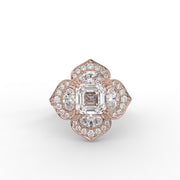 1.80 Emerald & Round Lab Grown Diamond Vintage Art Deco Cluster Engagement Ring| IGI Certified |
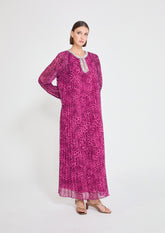 Bougainvillea animal print pleated dress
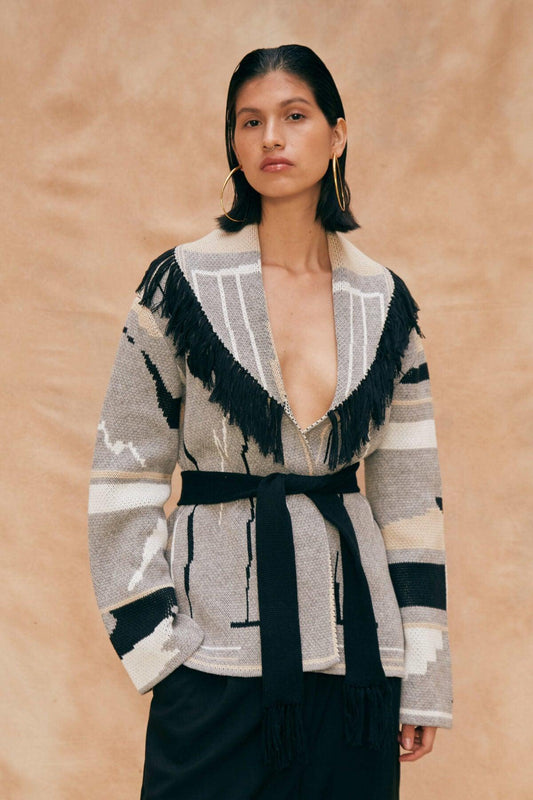 Thierra - Gray Belted Cardigan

- _Task item_
Give the listing again word for word, but drop every picture.

- _Output below_
 1.80 Emerald & Round Lab Grown Diamond Vintage Art Deco Cluster Engagement Ring| IGI Certified |
 Bougainvillea animal print pleated dress
 Thierra - Gray Belted Cardigan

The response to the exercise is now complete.